YOUR GOAL: Although the data below contains pictures, output only the lines between those holding "Get your free" and "Git is quite", inclusive, exactly and without those pictures.

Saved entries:
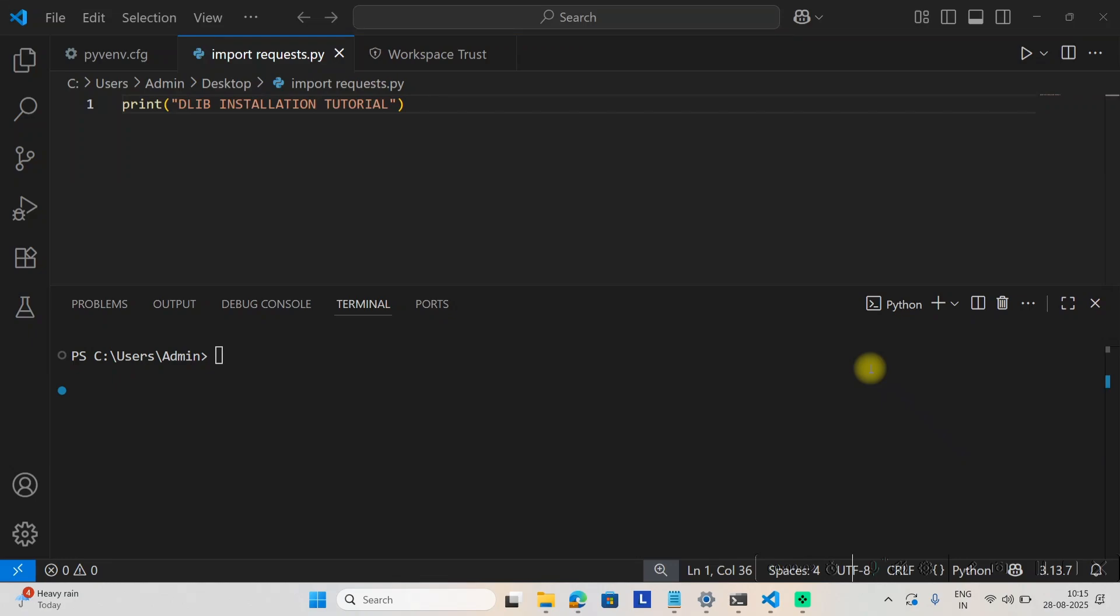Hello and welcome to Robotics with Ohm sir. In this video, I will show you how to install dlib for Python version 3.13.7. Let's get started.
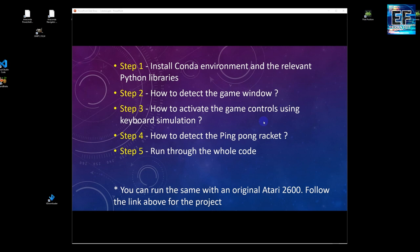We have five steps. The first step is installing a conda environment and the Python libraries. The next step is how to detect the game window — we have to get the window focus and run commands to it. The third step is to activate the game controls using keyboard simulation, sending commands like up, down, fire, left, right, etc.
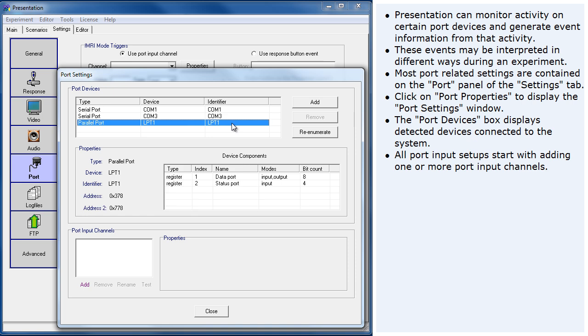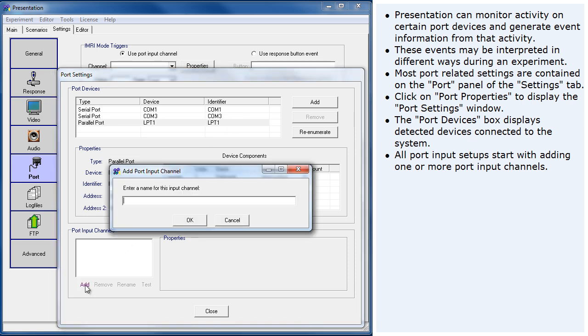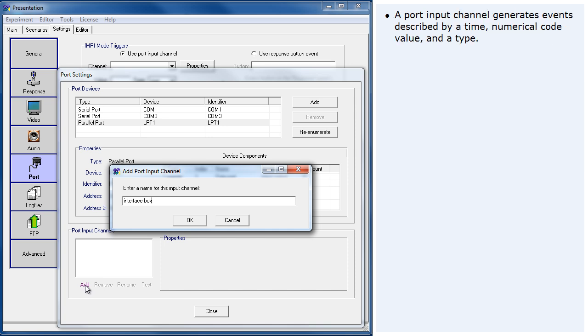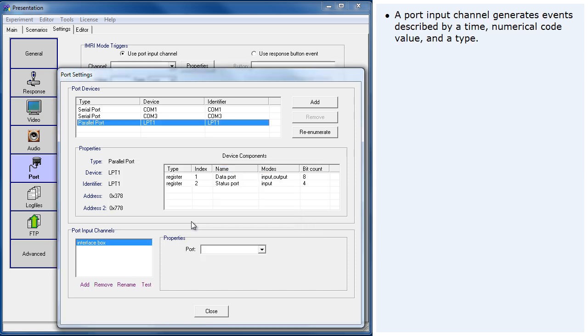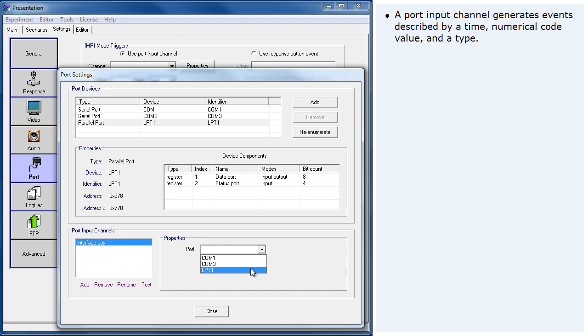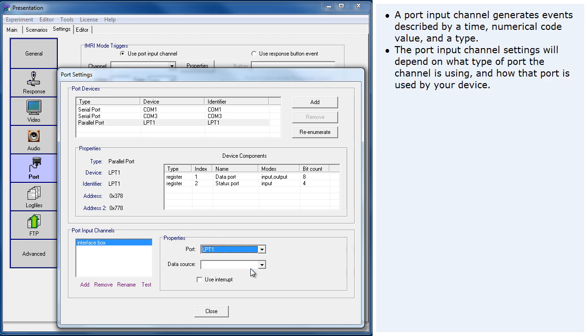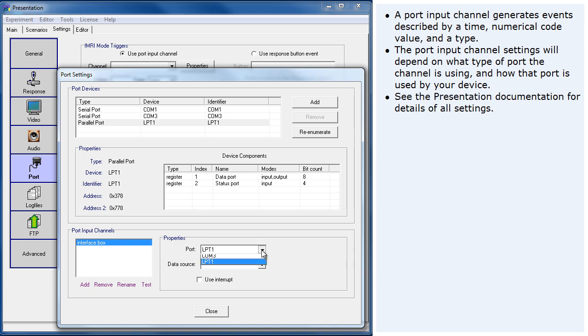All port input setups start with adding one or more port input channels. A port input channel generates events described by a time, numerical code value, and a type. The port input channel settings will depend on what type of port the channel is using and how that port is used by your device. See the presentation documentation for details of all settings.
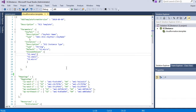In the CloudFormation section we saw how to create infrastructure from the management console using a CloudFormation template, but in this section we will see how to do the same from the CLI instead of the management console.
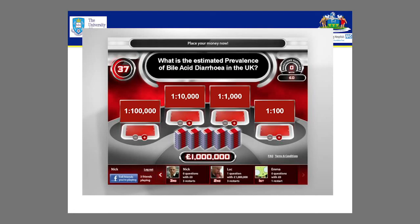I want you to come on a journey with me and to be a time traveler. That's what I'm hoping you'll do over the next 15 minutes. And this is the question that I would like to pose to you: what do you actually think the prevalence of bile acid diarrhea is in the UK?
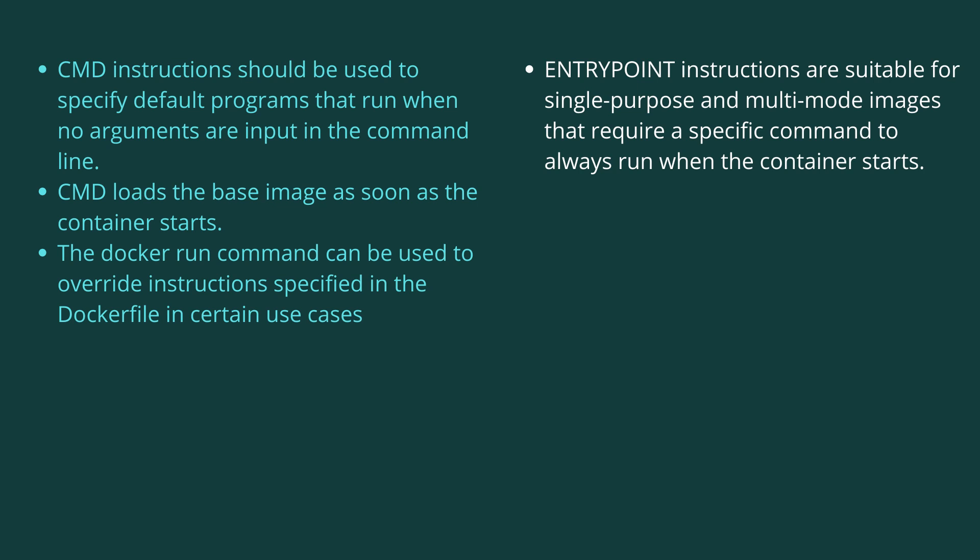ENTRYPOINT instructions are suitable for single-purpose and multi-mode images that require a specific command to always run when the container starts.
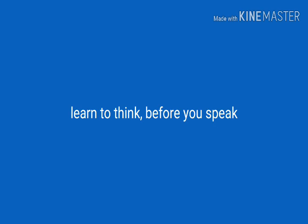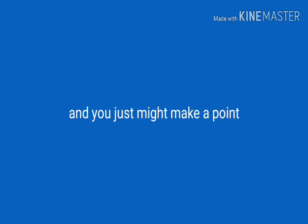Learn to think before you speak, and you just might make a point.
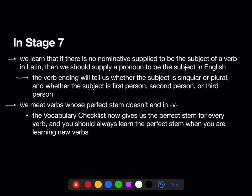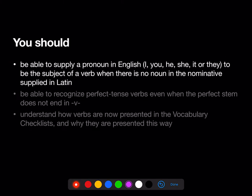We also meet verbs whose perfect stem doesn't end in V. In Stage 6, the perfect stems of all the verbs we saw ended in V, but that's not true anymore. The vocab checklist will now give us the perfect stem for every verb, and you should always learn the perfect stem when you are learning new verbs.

* * *

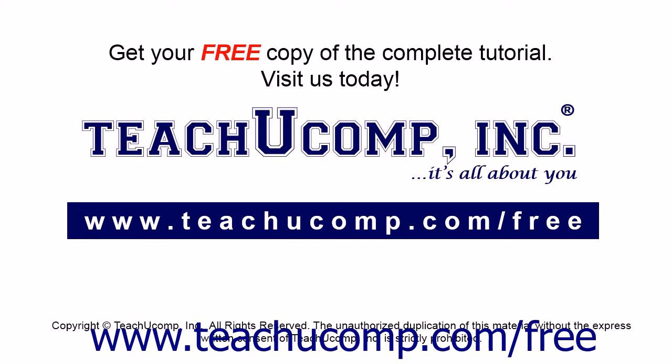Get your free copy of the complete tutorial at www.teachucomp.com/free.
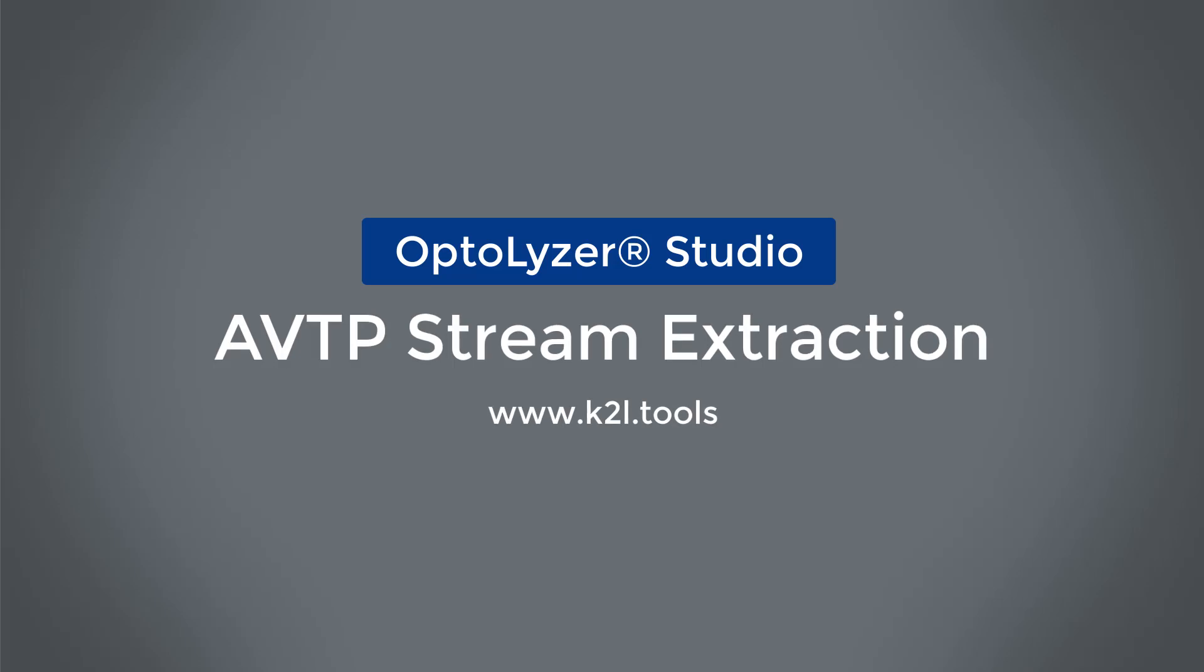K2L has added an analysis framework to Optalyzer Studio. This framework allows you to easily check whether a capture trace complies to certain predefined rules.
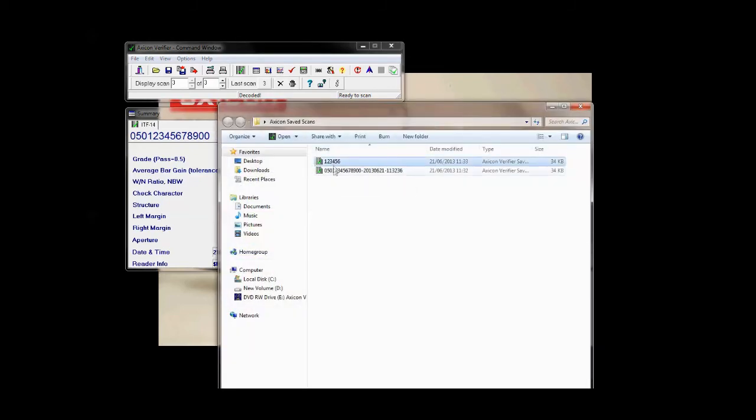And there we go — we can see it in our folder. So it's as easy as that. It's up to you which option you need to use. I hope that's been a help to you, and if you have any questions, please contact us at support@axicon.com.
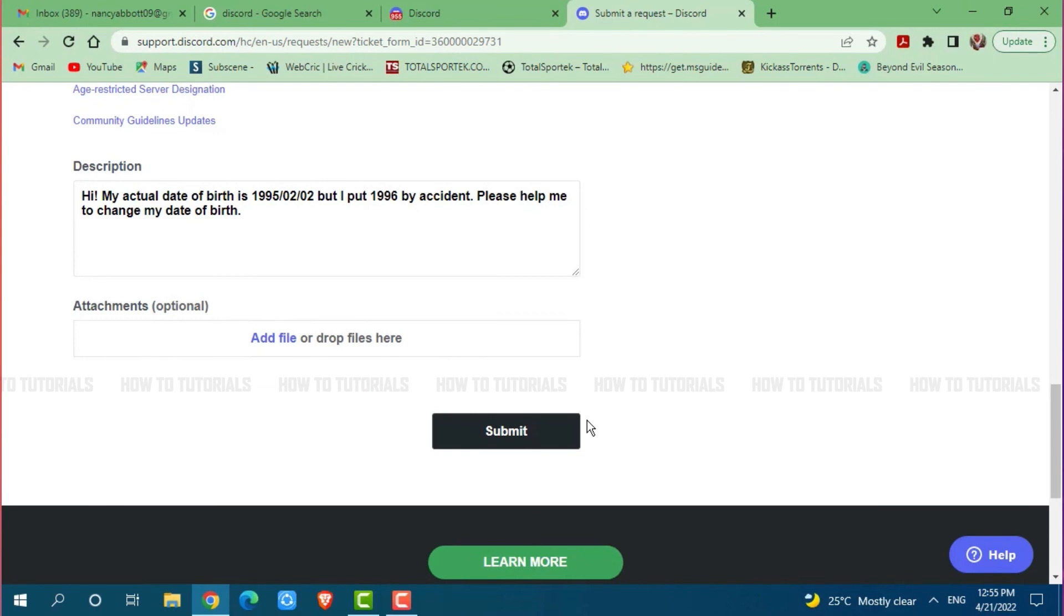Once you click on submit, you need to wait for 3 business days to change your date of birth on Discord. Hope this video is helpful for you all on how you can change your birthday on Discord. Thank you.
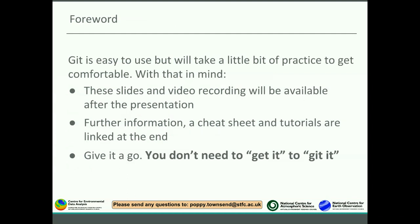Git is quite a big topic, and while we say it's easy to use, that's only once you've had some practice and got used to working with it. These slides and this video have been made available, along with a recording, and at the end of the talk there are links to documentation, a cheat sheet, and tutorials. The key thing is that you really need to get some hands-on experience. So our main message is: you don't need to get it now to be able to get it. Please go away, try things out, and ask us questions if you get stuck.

TASK SOLUTION:
Get your free copy of the complete tutorial at www.teachucomp.com/free.
K2L has added an analysis framework to Optalyzer Studio. This framework allows you to easily check whether a capture trace complies to certain predefined rules.
And there we go — we can see it in our folder. So it's as easy as that. It's up to you which option you need to use. I hope that's been a help to you, and if you have any questions, please contact us at support@axicon.com.
Once you click on submit, you need to wait for 3 business days to change your date of birth on Discord. Hope this video is helpful for you all on how you can change your birthday on Discord. Thank you.
Git is quite a big topic, and while we say it's easy to use, that's only once you've had some practice and got used to working with it. These slides and this video have been made available, along with a recording, and at the end of the talk there are links to documentation, a cheat sheet, and tutorials. The key thing is that you really need to get some hands-on experience. So our main message is: you don't need to get it now to be able to get it. Please go away, try things out, and ask us questions if you get stuck.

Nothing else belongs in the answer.